Abstract
NMDA receptor (NMDAR) antagonists induce in perinatal rodent cortical apoptosis and protracted schizophrenia-like alterations ameliorated by antipsychotic treatment. The broad-spectrum antibiotic minocycline elicits antipsychotic and neuroprotective effects. Here we tested, if minocycline protects also against apoptosis triggered by the NMDAR antagonist MK-801 at postnatal day 7. Surprisingly, minocycline induced widespread cortical apoptosis and exacerbated MK-801-triggered cell death. In some areas such as the subiculum, the pro-apoptotic effect of minocycline was even more pronounced than that elicited by MK-801. These data reveal among antipsychotics unique pro-apoptotic properties of minocycline, raising concerns regarding consequences for brain development and the use in children.
Introduction
Minocycline is a second-generation tetracycline antibiotic that inhibits microglial activation and elicits pleiotropic effects, including anti-inflammatory, antioxidant and anti-apoptotic actions in several neurodegenerative disorders [1]. Moreover, minocycline is effective as add-on therapy in schizophrenia [2]. The mechanism of action of minocycline in schizophrenia is still unknown; the inhibition of over-activated microglia occurring as result of stress or pathogen-associated molecular patterns has been hypothesized as possible therapeutic mechanism [1]. In addition, the interaction with glutamate receptors may be important: minocycline attenuated hyperlocomotion and sensorimotor gating deficits (correlates of positive symptoms of schizophrenia) and MK-801-triggered hyperdopaminergia [3]. The relation with glutamatergic pathways appears complex, since minocycline counteracts neurotoxicity induced by glutamate/NMDA via inhibition of microglia activation [4].
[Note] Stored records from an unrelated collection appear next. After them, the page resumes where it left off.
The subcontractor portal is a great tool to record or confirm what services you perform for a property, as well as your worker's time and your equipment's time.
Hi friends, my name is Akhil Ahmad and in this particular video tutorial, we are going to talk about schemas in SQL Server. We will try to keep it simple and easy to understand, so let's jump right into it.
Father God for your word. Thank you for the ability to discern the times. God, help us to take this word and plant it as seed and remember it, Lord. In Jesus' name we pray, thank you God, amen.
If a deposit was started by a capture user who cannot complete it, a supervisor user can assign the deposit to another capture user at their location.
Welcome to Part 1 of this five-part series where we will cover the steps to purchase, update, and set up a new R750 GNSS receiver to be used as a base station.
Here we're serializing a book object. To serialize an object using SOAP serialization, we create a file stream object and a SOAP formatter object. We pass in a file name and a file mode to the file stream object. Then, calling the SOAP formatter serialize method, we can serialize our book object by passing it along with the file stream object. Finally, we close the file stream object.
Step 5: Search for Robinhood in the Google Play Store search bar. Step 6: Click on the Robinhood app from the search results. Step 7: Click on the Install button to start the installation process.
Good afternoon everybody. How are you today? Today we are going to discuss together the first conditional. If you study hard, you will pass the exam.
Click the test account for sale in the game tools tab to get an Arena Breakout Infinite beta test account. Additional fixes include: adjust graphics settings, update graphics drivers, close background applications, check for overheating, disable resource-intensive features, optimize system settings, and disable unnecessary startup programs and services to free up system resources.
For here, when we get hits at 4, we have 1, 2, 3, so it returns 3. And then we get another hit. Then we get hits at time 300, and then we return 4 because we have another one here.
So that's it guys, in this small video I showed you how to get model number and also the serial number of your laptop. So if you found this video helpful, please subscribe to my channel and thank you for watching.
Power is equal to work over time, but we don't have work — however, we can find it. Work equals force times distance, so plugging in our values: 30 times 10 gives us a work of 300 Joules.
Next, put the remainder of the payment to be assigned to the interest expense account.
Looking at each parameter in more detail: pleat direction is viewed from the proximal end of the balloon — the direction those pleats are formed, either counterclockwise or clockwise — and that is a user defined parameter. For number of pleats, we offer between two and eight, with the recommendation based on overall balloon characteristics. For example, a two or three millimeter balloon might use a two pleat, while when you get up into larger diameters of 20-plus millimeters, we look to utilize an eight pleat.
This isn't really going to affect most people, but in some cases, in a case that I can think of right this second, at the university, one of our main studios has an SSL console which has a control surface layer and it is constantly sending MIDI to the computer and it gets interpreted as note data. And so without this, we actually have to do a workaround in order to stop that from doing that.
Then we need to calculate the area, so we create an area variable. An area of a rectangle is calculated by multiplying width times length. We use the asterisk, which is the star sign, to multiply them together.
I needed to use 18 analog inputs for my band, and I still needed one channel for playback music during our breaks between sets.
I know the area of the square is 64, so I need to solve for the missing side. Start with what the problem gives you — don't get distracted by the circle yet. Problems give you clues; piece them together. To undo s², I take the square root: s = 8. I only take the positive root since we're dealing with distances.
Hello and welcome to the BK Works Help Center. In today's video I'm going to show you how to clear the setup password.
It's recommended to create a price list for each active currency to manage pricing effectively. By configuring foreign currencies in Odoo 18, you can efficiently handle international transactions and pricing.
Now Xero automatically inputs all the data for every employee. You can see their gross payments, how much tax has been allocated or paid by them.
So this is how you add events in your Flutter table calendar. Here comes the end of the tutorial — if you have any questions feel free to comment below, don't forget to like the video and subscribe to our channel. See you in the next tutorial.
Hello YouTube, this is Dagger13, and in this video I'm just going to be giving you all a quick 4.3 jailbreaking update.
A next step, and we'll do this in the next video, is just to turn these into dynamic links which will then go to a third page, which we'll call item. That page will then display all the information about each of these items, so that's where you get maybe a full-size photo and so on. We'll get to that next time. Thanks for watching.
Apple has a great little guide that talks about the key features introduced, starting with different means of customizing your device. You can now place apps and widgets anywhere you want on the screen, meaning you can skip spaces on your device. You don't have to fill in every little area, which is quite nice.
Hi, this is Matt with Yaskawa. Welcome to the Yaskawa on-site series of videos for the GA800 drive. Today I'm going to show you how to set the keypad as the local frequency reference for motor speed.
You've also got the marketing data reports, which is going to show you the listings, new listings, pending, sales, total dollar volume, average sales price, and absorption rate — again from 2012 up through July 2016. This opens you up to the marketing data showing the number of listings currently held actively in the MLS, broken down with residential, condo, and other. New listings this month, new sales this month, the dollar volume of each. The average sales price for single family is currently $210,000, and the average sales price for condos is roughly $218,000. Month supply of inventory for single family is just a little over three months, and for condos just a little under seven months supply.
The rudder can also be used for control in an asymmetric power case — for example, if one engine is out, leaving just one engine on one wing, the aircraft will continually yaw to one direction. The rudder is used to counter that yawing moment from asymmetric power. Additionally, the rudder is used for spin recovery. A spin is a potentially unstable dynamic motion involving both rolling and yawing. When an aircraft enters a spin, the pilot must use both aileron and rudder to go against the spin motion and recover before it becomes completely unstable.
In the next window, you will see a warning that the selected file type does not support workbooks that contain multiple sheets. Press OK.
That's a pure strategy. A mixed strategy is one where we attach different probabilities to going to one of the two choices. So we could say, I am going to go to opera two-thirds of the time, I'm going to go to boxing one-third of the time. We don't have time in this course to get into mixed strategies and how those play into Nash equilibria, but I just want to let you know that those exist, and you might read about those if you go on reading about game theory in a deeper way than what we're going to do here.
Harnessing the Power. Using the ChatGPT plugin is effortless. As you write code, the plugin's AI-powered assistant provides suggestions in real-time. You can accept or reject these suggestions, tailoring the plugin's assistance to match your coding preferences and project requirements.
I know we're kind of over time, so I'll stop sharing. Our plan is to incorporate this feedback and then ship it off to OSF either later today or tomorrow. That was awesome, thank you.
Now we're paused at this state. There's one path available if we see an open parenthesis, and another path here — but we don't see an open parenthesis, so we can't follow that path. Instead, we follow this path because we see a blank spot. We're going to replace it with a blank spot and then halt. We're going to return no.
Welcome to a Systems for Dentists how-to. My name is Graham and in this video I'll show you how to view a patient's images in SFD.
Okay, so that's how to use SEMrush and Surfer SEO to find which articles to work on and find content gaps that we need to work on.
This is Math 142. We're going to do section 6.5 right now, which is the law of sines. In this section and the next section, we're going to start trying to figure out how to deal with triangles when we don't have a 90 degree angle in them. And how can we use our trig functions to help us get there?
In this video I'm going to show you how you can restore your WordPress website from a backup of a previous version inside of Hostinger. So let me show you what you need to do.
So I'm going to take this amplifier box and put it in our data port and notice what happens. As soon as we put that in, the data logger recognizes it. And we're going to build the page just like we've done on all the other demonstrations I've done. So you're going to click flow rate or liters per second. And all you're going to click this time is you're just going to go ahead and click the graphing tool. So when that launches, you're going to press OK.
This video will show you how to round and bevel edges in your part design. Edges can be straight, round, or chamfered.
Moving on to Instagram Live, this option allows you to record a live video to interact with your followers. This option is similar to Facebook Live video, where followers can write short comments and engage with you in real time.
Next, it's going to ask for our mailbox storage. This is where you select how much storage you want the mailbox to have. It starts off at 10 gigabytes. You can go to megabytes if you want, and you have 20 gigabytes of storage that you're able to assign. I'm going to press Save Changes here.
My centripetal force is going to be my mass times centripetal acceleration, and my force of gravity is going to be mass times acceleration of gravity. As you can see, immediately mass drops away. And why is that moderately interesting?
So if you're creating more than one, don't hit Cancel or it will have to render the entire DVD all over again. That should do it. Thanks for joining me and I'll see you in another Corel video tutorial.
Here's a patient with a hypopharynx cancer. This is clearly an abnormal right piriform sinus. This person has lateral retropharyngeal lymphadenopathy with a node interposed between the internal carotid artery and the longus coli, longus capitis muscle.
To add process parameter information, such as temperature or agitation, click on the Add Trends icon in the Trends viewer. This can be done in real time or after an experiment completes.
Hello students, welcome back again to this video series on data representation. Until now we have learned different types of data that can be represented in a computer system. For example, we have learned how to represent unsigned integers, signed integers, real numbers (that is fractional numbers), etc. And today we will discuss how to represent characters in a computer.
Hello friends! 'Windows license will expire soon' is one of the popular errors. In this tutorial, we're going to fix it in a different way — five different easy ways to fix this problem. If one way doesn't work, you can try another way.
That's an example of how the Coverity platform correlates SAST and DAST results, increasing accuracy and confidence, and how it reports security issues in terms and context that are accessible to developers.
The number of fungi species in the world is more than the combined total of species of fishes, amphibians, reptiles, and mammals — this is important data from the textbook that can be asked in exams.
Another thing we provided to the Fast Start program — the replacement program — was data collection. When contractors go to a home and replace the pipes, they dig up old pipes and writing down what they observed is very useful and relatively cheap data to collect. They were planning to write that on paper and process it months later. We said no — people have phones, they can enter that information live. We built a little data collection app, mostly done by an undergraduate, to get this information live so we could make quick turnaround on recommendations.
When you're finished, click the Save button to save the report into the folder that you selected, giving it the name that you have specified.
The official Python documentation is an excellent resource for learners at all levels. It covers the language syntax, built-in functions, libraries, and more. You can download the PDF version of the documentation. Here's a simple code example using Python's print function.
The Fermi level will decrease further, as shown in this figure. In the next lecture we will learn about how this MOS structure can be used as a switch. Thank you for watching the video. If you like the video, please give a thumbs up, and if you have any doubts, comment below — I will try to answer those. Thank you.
Psychosis triggered by NMDA receptor antagonists is accompanied by severe neurotoxicity in the retrosplenial cortex of adult rats [5] and widespread apoptosis in the early postnatal brain [6]. The latter is followed by protracted schizophrenia-like behavioral abnormalities with onset at peripubertal stages, NMDAR antagonist treatment at/around postnatal day 7 (P7) representing, meanwhile, a widely employed developmental model of schizophrenia [7].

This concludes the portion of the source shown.